XVIII

EFECTOS DEL SIMANCAS

EL Cuartel Real del Pretendiente se trasladó, el 1 de agosto, de Oñate a Tolosa.

Esta última villa la había elegido Don Carlos como punto estratégico para llevar a cabo la revolución apostólica, que tendría como fin echar a Maroto y a su partido del Poder, y elevar, en cambio, al Gobierno a los absolutistas puros.

Roquet, que volvía al Real de Don Carlos con los supuestos originales que demostraban la traición de Maroto y su filiación a la masonería, salió de Irún, y fue por Vera hasta Santesteban, y luego de aquí, por Leiza, a Tolosa.

En Leiza se vistió de cura, disfraz que solía tomar con frecuencia, y llegó a Tolosa el día 5.

Fue en seguida a ver al ministro de Hacienda, Marcó del Pont, que era entonces el hombre de confianza de Don Carlos, y que vivía en la plaza Vieja, en casa de los Idiáquez.

Marcó del Pont le recibió con grandes extremos.

—¿Trae usted los papeles? —le preguntó con ansiedad.

—Sí.

—Sería conveniente que se hospedara usted aquí conmigo.

—Donde usted diga.

—En esta misma casa se le preparará el alojamiento.

—Muy bien.

—Yo desearía que no hablara usted a nadie de su misión.

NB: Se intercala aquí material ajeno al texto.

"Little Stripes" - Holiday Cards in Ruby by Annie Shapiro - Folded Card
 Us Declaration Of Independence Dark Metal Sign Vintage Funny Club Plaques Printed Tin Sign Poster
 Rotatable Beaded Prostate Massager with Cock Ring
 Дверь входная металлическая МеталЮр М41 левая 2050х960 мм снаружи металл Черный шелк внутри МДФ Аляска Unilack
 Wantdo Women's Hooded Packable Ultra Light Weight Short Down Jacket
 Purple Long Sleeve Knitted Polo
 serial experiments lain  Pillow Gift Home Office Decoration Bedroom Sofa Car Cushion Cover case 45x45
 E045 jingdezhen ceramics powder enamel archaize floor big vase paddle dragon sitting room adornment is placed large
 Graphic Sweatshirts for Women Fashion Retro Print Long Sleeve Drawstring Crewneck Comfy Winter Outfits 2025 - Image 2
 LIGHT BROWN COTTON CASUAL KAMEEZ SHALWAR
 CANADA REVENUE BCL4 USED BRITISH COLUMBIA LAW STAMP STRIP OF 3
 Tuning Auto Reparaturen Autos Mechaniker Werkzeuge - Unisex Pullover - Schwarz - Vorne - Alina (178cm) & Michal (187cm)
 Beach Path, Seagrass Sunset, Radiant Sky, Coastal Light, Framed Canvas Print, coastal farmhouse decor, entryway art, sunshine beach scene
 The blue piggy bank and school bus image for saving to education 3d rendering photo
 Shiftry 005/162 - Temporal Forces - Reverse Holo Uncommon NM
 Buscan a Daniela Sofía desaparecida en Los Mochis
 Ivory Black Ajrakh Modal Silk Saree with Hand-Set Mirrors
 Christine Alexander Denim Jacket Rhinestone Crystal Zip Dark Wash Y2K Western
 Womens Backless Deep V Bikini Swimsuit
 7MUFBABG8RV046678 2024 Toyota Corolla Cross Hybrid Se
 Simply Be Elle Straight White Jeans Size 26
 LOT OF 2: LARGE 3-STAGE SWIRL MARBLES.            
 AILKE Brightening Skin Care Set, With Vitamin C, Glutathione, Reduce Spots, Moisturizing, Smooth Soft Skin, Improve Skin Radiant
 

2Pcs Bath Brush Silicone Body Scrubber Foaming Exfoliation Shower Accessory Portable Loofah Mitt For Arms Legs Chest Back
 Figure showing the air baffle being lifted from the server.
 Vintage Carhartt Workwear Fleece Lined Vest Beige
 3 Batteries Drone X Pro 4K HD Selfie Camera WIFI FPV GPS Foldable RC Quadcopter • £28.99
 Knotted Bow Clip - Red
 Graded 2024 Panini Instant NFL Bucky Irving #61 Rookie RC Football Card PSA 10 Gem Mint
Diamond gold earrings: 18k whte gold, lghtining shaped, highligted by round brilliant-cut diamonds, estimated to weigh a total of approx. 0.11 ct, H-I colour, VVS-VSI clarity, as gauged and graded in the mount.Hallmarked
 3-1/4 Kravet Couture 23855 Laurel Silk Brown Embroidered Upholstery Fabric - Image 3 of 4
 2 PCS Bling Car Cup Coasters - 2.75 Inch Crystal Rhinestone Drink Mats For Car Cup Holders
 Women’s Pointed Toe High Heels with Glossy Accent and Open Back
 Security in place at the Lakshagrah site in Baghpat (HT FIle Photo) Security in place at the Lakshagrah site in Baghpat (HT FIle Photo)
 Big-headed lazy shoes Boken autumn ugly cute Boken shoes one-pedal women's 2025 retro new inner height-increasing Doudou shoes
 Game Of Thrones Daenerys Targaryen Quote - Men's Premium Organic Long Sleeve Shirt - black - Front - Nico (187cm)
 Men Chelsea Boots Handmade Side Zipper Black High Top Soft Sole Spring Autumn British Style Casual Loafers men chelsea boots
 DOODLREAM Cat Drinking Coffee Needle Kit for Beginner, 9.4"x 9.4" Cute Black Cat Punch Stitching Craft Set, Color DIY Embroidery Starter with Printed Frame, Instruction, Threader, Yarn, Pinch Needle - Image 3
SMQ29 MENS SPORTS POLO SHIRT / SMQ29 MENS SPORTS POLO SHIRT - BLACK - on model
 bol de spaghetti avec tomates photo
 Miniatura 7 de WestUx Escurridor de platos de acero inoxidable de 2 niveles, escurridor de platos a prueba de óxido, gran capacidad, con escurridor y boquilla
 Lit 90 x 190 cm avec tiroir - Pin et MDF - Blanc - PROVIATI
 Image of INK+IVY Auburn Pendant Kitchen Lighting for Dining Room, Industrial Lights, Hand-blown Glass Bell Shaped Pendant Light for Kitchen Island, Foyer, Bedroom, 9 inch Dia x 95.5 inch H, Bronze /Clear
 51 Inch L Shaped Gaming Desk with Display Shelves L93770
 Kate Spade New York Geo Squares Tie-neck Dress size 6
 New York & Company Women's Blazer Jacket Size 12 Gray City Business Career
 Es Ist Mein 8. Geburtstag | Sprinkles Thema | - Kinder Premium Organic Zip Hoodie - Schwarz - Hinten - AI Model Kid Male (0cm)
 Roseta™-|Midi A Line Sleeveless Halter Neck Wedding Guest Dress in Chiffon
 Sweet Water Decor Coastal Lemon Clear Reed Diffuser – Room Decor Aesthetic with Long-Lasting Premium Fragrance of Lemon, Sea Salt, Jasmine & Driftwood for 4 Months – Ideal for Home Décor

—No tenga usted cuidado, no hablaré.

—Tanto Su majestad como yo quisiéramos que este asunto se llevara con la mayor reserva, y, si no le molesta a usted, para evitar preguntas siempre impertinentes, convendría que no se viera usted en estos días con nadie.

—Pasaré encerrado el tiempo necesario hasta que ustedes me avisen.

Un lector de folletines

Marcó del Pont estaba hospedado en la casa de Idiáquez, y tenía allí sus oficinas. Marcó acompañó a Roquet hasta un cuarto alto, con unas arcadas y un balcón grande, que daba al río Oria y al puente de Navarra. Allí, Roquet se dispuso a matar el tiempo.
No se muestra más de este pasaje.